Web scraping allows us to extract data from websites in an automated fashion. In this blog post, we’ll explore how to scrape detailed university information from Gotouniversity using Scrapy, a powerful Python framework. The script will gather various details about universities and save them into a CSV file.
Introduction to Web Scraping with Scrapy
Scrapy is a versatile and efficient web scraping framework for Python. It provides a comprehensive set of tools to extract data from web pages and process it as needed. In this guide, we’ll create a Scrapy spider that navigates Gotouniversity, extracts university details, and stores them in a CSV file.
Prerequisites
Before getting started, ensure you have Python and Scrapy installed. You can install Scrapy using pip:
pip install scrapy
You’ll also need the html2text
library for converting HTML to plain text:
pip install html2text
The csv
module is part of Python’s standard library, so no additional installation is needed.
Script Overview
The script defines a Scrapy spider that extracts university details from Gotouniversity, such as the university name, location, student support, and contact information.
Imports and Initial Setup
First, we import the necessary libraries and configure the HTML to text converter:
import scrapy
import csv
import os
import html2text
h = html2text.HTML2Text()
h.ignore_images = True
h.ignore_links = True
Spider Definition
The spider class, GotouniversitySpider
, handles the crawling and data extraction. The start_urls
list contains the URL from which the spider will begin crawling.

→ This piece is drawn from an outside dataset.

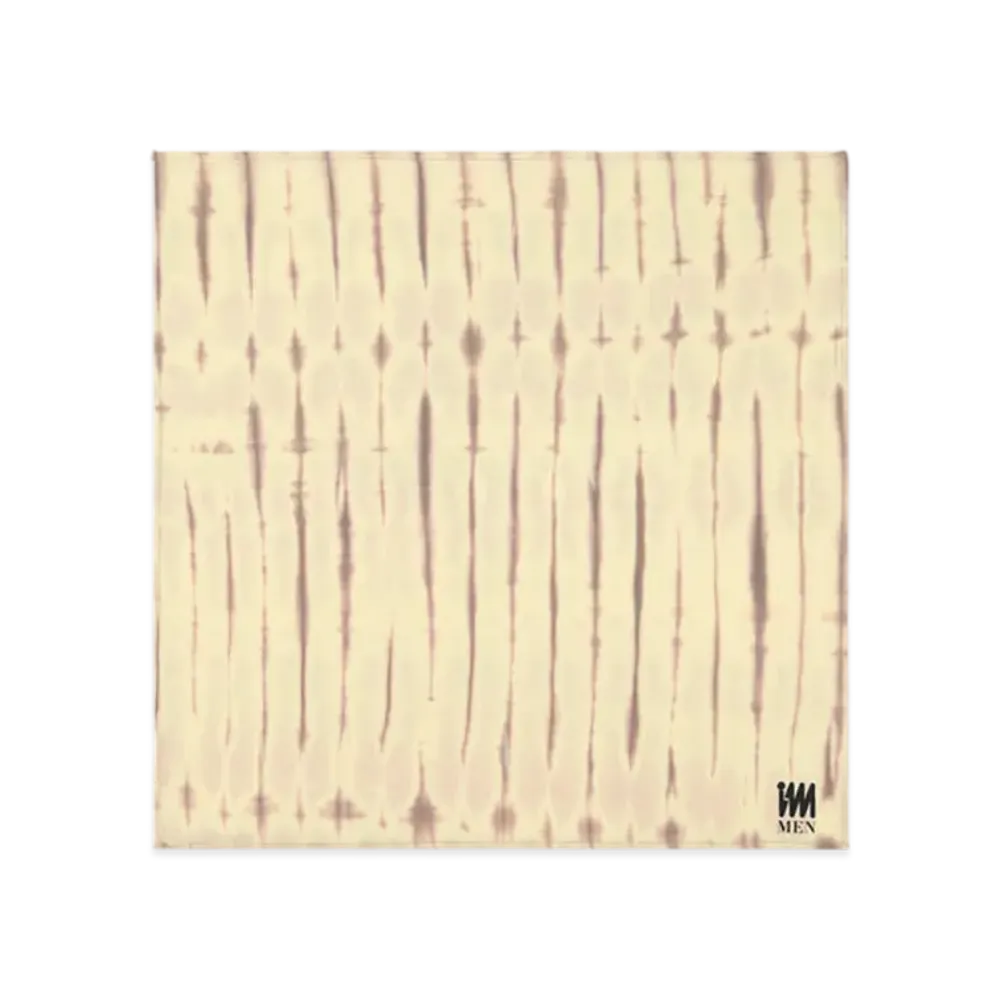 IM MEN Gift Handkerchief "Beige"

class GotouniversitySpider(scrapy.Spider):
name = 'gotouniversity'
allowed_domains = ['gotouniversity.com']
start_urls = ['https://www.gotouniversity.com/university']
custom_settings = {
"USER_AGENT": "Mozilla/5.0 (Windows NT 10.0; Win64; x64; rv:79.0) Gecko/20100101 Firefox/79.0"
}
CSV Initialization
Before the spider starts, we initialize the CSV file with column headers:
with open("overview.csv","a") as f:
writer = csv.writer(f)
writer.writerow(['url', 'university_name', 'location', 'about_university', 'infrastructure_and_services',
'top_landmark_companies_airport_nearby', 'student_support', 'visas_immigration_support',
'international_student_contact', 'student_life', 'deadlines', 'address', 'email', 'phone'])
Email Decryption
The deCFEmail
function decrypts email addresses that are obfuscated using Cloudflare’s email protection:
def deCFEmail(self,fp):
try:
r = int(fp[:2],16)
email = ''.join([chr(int(fp[i:i+2], 16) ^ r) for i in range(2, len(fp), 2)])
return email
except (ValueError):
pass
Starting the Requests
The start_requests
method reads URLs from a CSV file and initiates requests to scrape data from each URL:
def start_requests(self):
with open("link.csv", "r") as r:
reader = csv.reader(r)
for line in reader:
yield scrapy.Request(
url="https://www.gotouniversity.com" + line[0],
callback=self.getdata
)
Data Extraction
The getdata
method extracts various details from each university’s page and writes them to the CSV file:
def getdata(self, response):
url = response.url
university_name = response.xpath('.//*[@class="uni-name"]/text()').extract_first().strip()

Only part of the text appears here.